*** Begin section ***
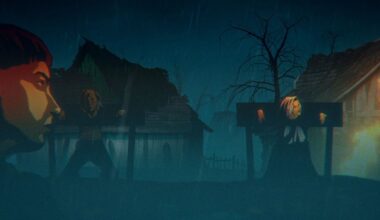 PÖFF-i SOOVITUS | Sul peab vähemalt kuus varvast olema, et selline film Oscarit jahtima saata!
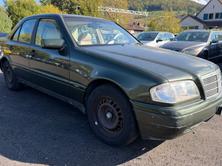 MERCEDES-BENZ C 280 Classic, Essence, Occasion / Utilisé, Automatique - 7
*** End section ***
*** Begin section ***
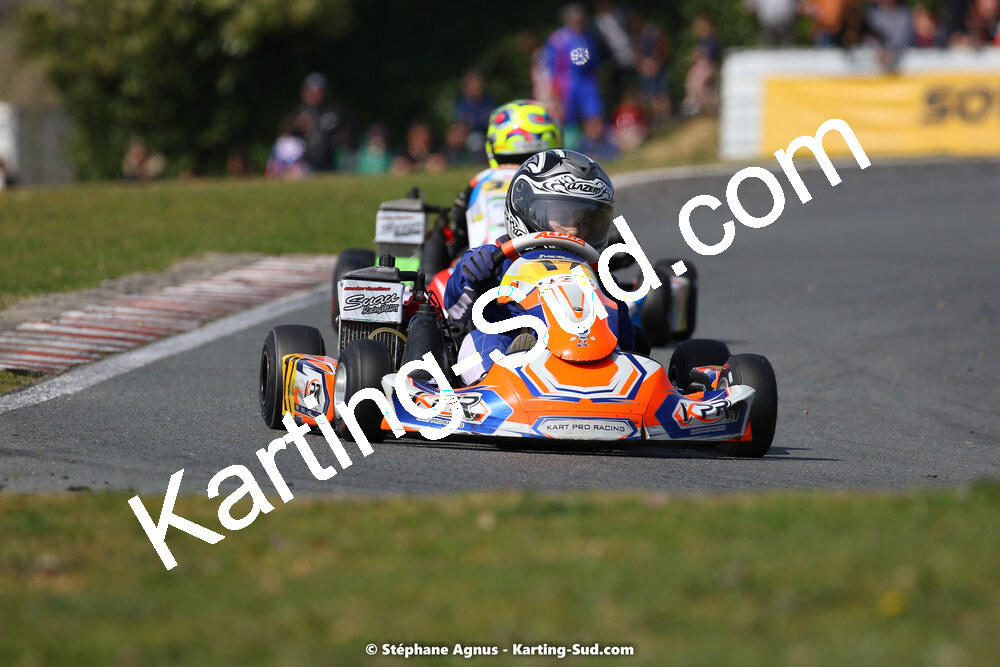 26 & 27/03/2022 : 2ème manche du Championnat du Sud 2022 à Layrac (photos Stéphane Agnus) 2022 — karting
*** End section ***
**Your task**
The lines to set down run from the line with "PÖFF-i SOOVITUS |" up to and including the line with "MERCEDES-BENZ C 280" in the entries above. Reproduce them exactly, with no pictures.

**Output for this exercise**
 PÖFF-i SOOVITUS | Sul peab vähemalt kuus varvast olema, et selline film Oscarit jahtima saata!
 MERCEDES-BENZ C 280 Classic, Essence, Occasion / Utilisé, Automatique - 7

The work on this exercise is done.